**Dataset**
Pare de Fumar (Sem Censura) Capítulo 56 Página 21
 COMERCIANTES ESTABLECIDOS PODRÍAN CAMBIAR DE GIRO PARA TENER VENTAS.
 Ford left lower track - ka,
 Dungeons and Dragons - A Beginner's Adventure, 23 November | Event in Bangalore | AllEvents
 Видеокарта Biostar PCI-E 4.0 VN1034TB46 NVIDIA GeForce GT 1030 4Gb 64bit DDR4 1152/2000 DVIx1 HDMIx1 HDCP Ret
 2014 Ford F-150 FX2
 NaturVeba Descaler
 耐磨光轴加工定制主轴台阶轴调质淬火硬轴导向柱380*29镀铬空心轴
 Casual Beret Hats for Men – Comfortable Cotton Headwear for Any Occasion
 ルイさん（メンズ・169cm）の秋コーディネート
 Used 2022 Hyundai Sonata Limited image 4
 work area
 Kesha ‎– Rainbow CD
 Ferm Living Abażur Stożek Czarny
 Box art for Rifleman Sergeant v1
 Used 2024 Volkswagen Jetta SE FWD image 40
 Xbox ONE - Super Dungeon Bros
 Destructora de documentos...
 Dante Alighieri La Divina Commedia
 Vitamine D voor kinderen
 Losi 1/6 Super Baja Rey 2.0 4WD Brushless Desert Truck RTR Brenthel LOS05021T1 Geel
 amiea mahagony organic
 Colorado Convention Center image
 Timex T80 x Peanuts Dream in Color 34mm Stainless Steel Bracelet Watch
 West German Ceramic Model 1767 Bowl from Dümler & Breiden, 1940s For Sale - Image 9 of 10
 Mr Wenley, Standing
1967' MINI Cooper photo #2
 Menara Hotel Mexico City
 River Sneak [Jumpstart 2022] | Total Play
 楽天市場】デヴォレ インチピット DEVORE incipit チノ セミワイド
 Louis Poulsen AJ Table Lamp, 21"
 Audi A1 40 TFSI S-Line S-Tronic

**The task**
Your answer is the line containing "Menara Hotel Mexico City" plus every line after it through the end of the entries, given again exactly and alone.

**Response to the task**
 Menara Hotel Mexico City
 River Sneak [Jumpstart 2022] | Total Play
 楽天市場】デヴォレ インチピット DEVORE incipit チノ セミワイド
 Louis Poulsen AJ Table Lamp, 21"
 Audi A1 40 TFSI S-Line S-Tronic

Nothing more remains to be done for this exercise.